Work required: The output should match, line for line, the records from the line containing "Suzuki GSXR 600" through the line containing "Oklahoma City Thunder", with every picture left out.

Data in this exercise:
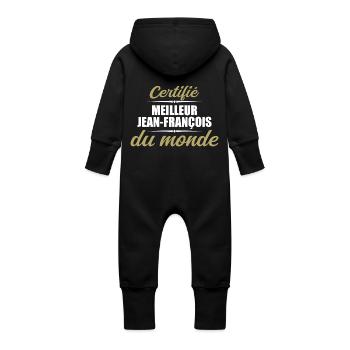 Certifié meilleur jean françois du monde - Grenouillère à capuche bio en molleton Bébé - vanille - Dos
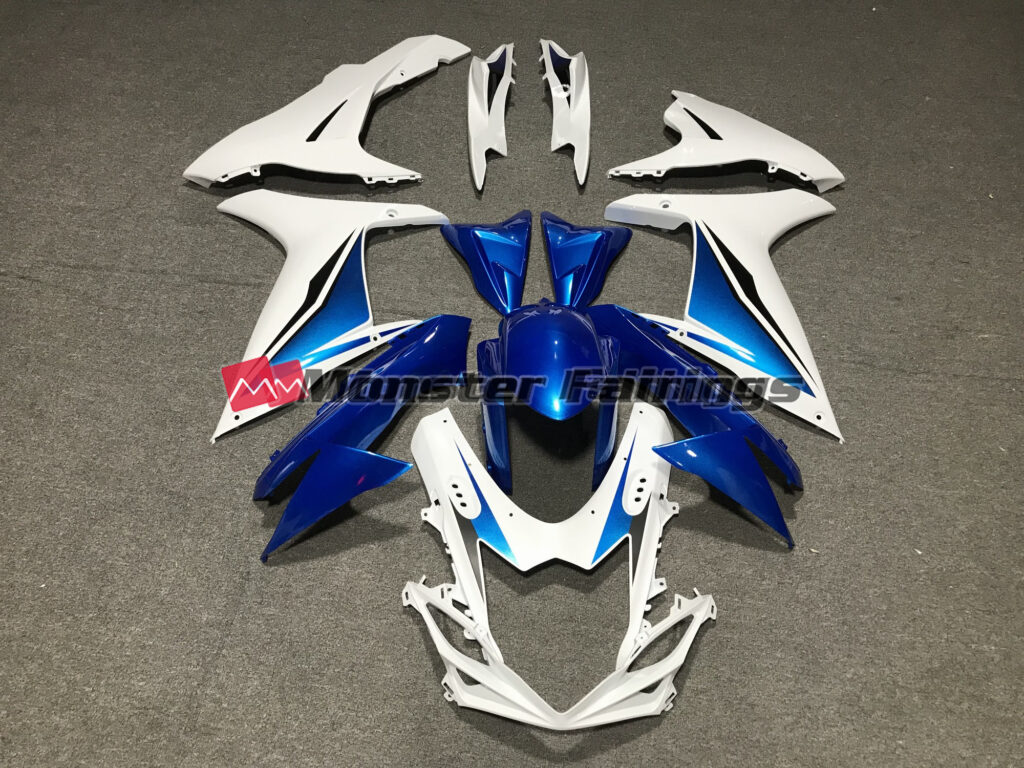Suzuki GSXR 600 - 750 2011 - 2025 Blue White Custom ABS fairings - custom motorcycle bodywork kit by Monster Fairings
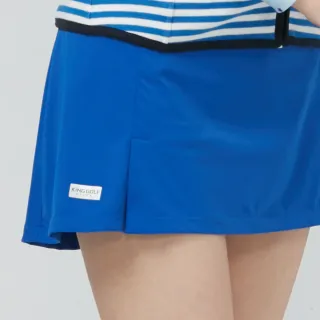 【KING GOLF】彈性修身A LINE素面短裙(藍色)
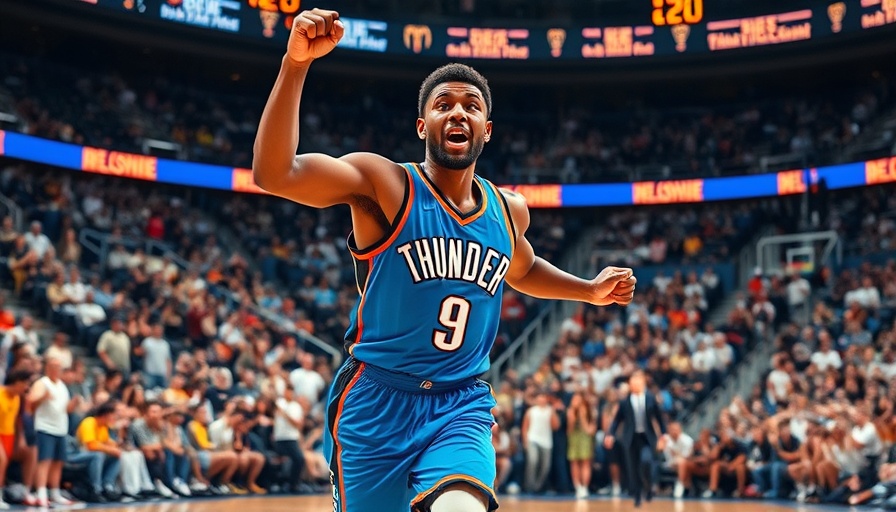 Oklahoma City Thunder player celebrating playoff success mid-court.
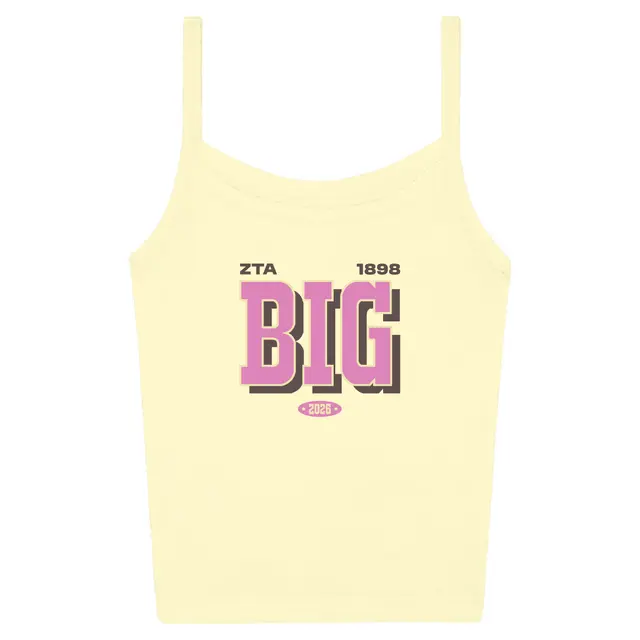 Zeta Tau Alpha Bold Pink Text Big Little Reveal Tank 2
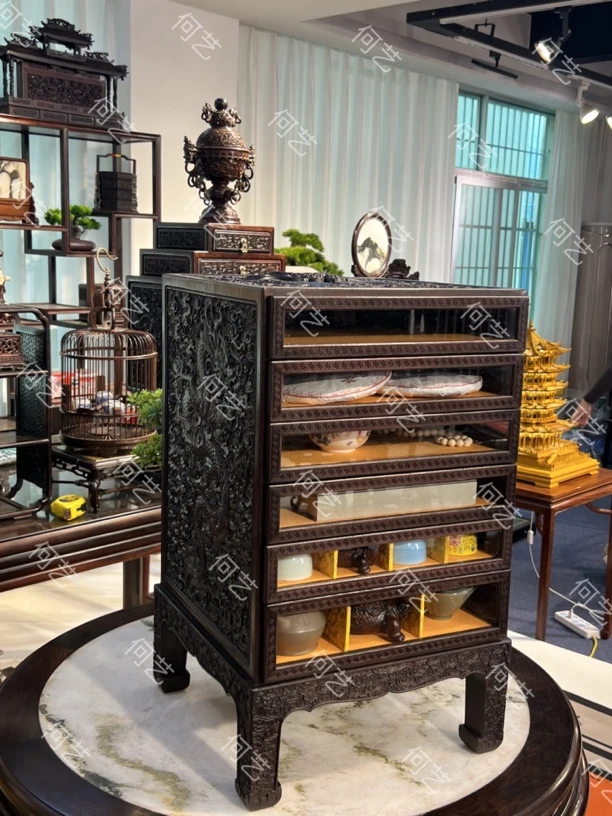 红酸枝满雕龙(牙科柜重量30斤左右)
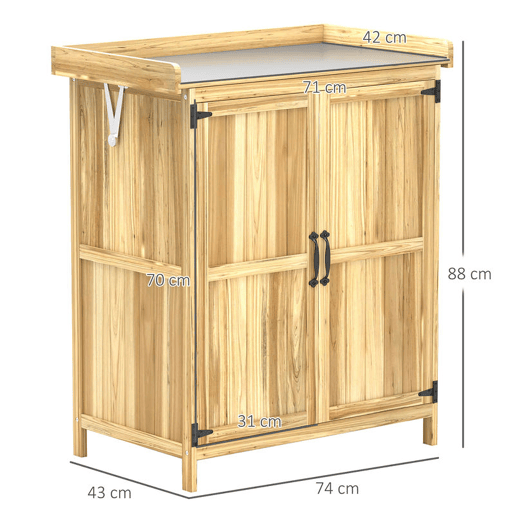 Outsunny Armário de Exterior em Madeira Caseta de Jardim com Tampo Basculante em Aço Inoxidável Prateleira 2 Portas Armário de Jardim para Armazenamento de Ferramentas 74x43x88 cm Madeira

Your response:
Suzuki GSXR 600 - 750 2011 - 2025 Blue White Custom ABS fairings - custom motorcycle bodywork kit by Monster Fairings
 【KING GOLF】彈性修身A LINE素面短裙(藍色)
 Oklahoma City Thunder player celebrating playoff success mid-court.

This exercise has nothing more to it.